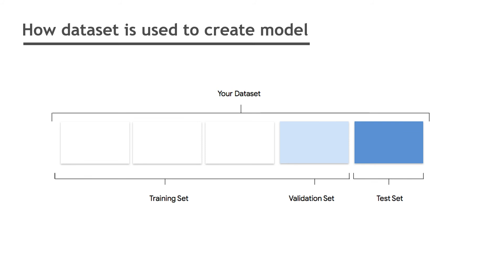The validation set is also used during the training process. After the model learning framework incorporates the training data during each iteration of the training process, it uses the model performance on the validation set to tune the model's hyperparameters. The test set is not involved in the training process. After the model has completed its training, AutoML Natural Language uses the test set to test the accuracy of your model.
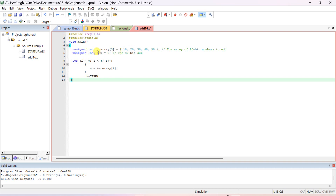Declare unsigned long sum because once you keep on adding, your answer may cross 255. If you declare it as char it will cross that limit. For this number set you can declare int also — it will work because the answer fits in 16 bits (4 hex digits). But for safety, if the answer is still larger, declare it as unsigned long. Sum is initialized to zero. Now since we have to add five data values, write: for (i = 0;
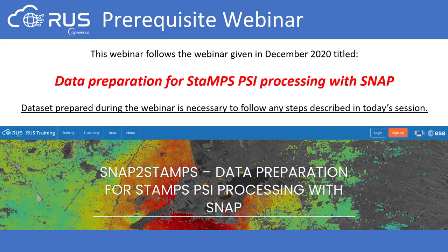This webinar is based on the webinar given in December 2020. If you have not followed that webinar yet, I recommend doing so because it covers the preprocessing of the data we will use today. Today we will not start with a raw Sentinel-1 product, but with an already preprocessed dataset. Watching that webinar you can learn all the steps necessary to derive exactly the same dataset we will be using today.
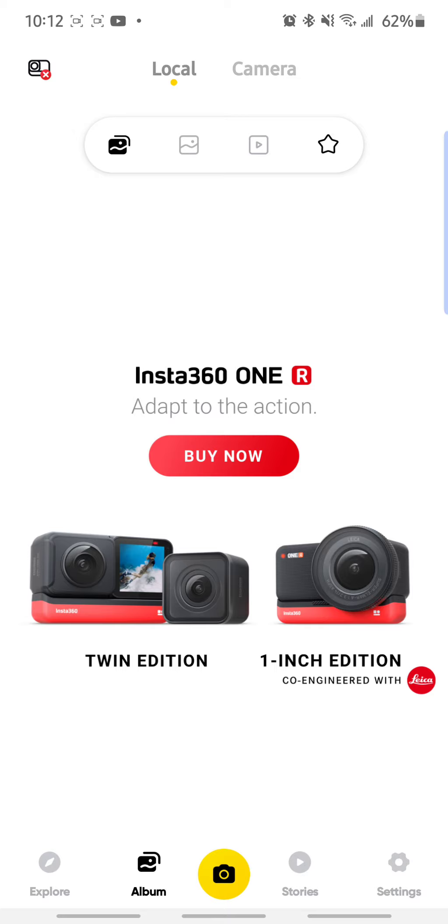Coming from Insta360 ONE X when I'm used to cable transfer, the Wi-Fi transfer is just ridiculous. So I actually did a lot of research and couldn't seem to find it, but this morning I was actually able to crack the code. Maybe you know already, but I'm going to show it to you anyway.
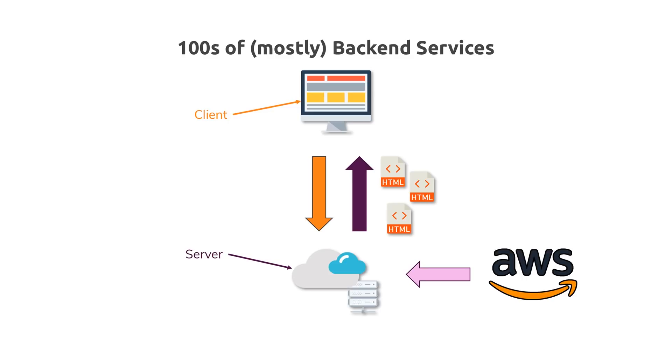AWS is an offering of Amazon which is a huge collection of services that we can use to build amazing web applications. Services of all different kinds.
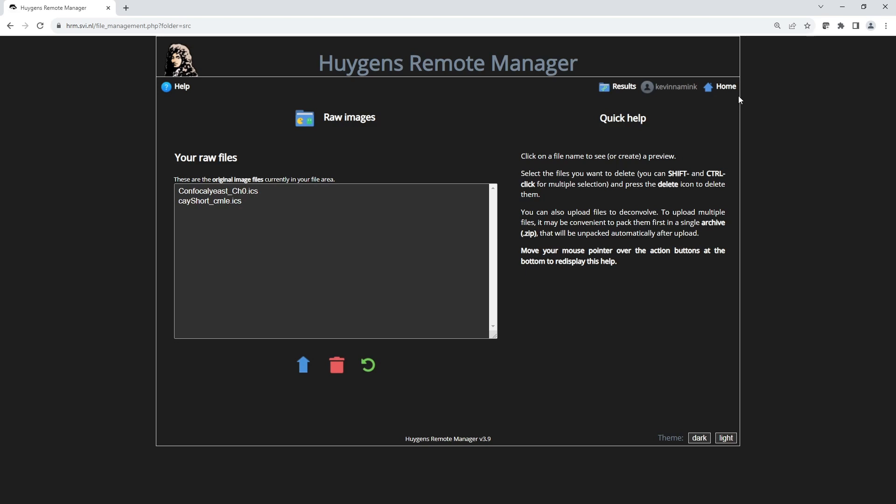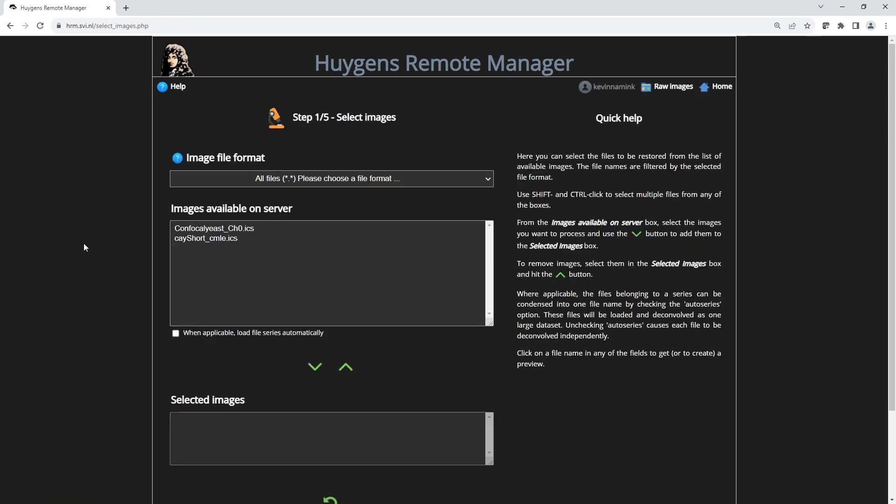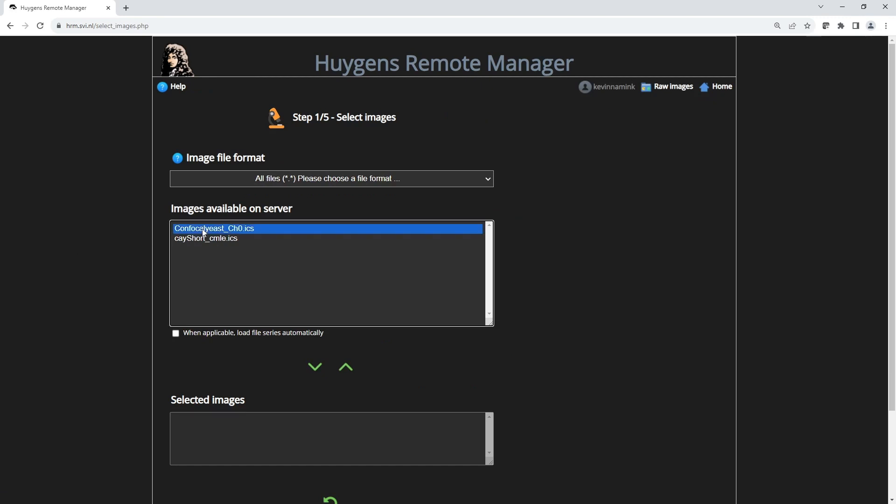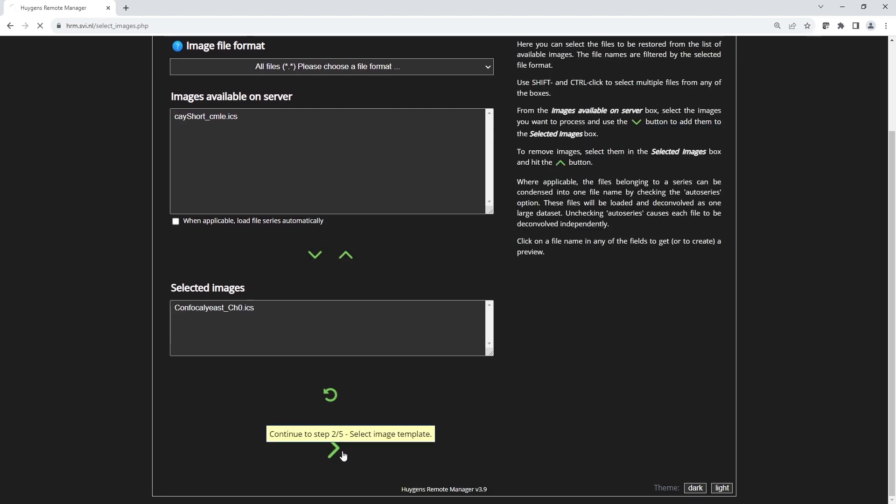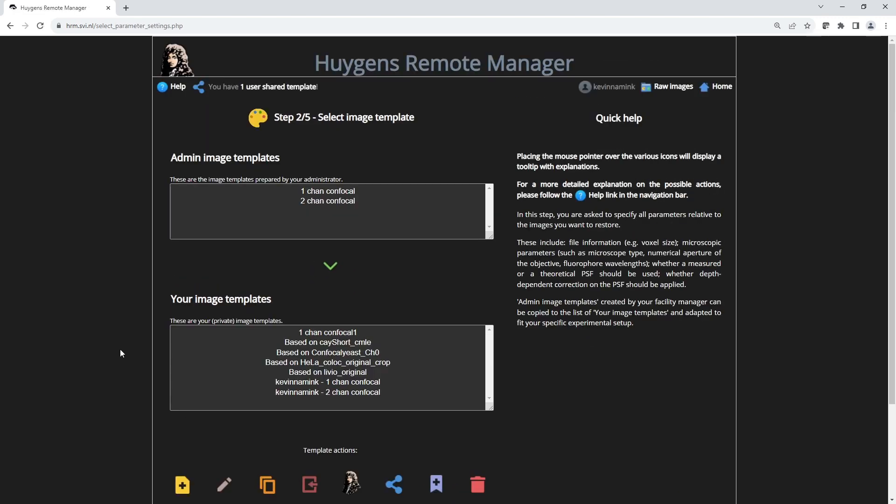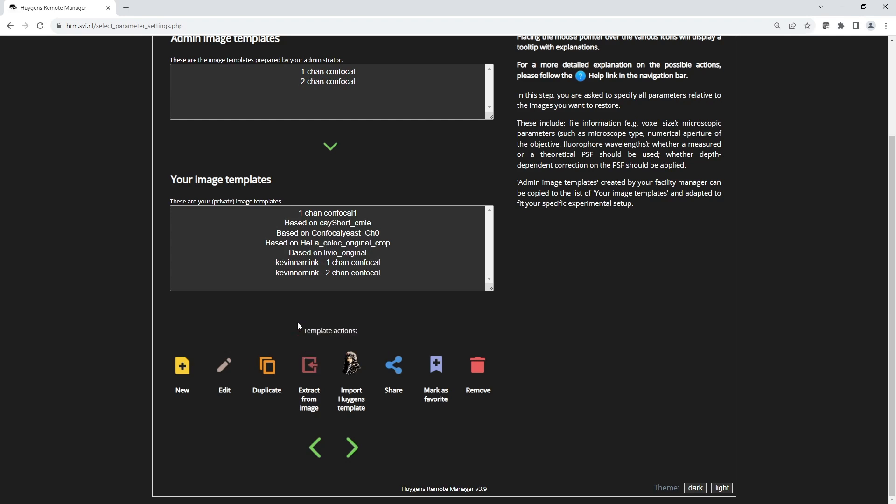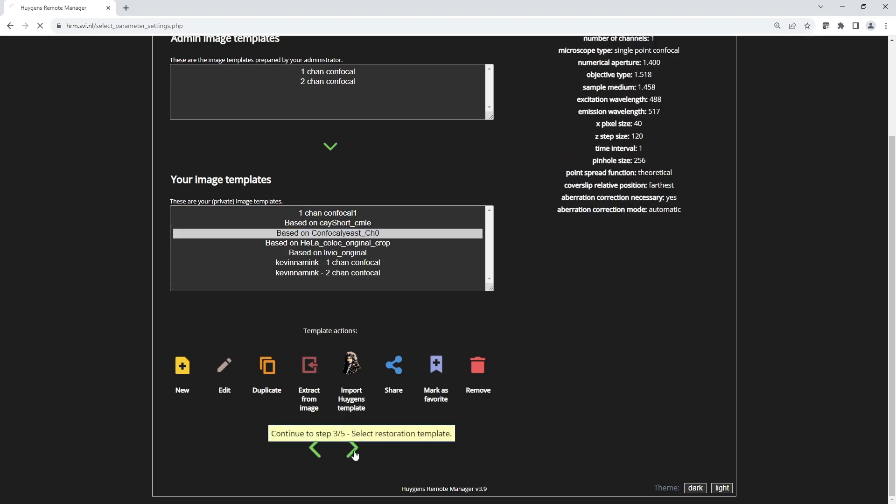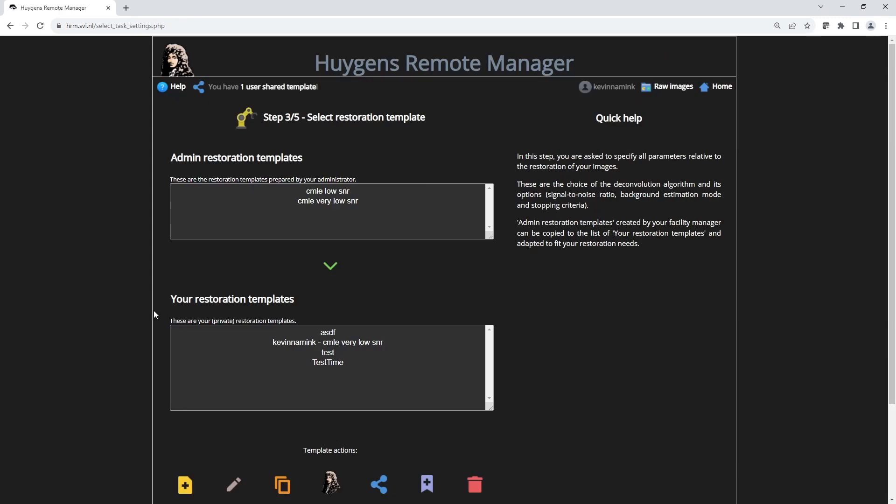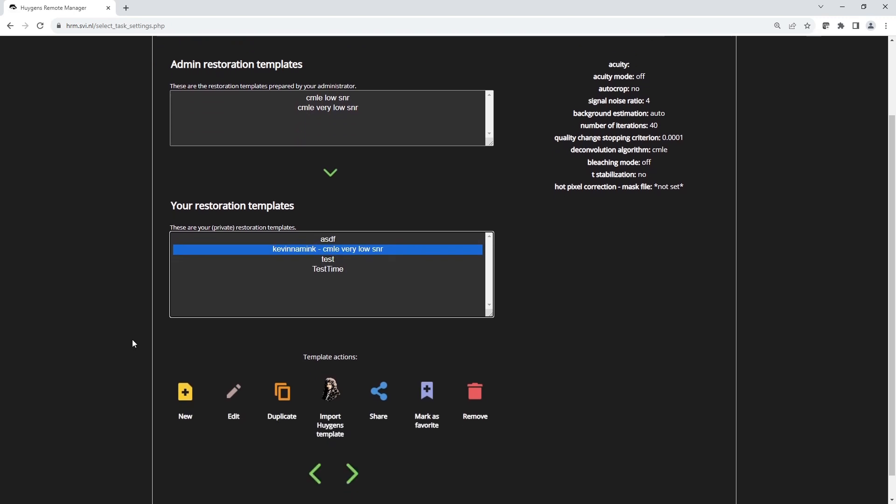To create a job, we go to the Launch Jobs option. Then we can select the image we want to process. In this case this image. Then we select the image template. This can be supplied by an administrator to make this less complex for the user. But in this case I have used the Extract from Image template action to extract the image metadata from the image I uploaded. That is this template. Then next we select the restoration template. This can also be supplied by the administrator. And in this case the administrator supplied CMLE very low SNR. It is reasonably suitable for deconvolving.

____

#### [DESCRIPTION OF THE TASK]
Only an exact copy of the lines from the one with "Coming from Insta360" through the last line of the data above is wanted, and no pictures.

#### [OUTPUT FOR THIS EXERCISE]
Coming from Insta360 ONE X when I'm used to cable transfer, the Wi-Fi transfer is just ridiculous. So I actually did a lot of research and couldn't seem to find it, but this morning I was actually able to crack the code. Maybe you know already, but I'm going to show it to you anyway.
AWS is an offering of Amazon which is a huge collection of services that we can use to build amazing web applications. Services of all different kinds.
To create a job, we go to the Launch Jobs option. Then we can select the image we want to process. In this case this image. Then we select the image template. This can be supplied by an administrator to make this less complex for the user. But in this case I have used the Extract from Image template action to extract the image metadata from the image I uploaded. That is this template. Then next we select the restoration template. This can also be supplied by the administrator. And in this case the administrator supplied CMLE very low SNR. It is reasonably suitable for deconvolving.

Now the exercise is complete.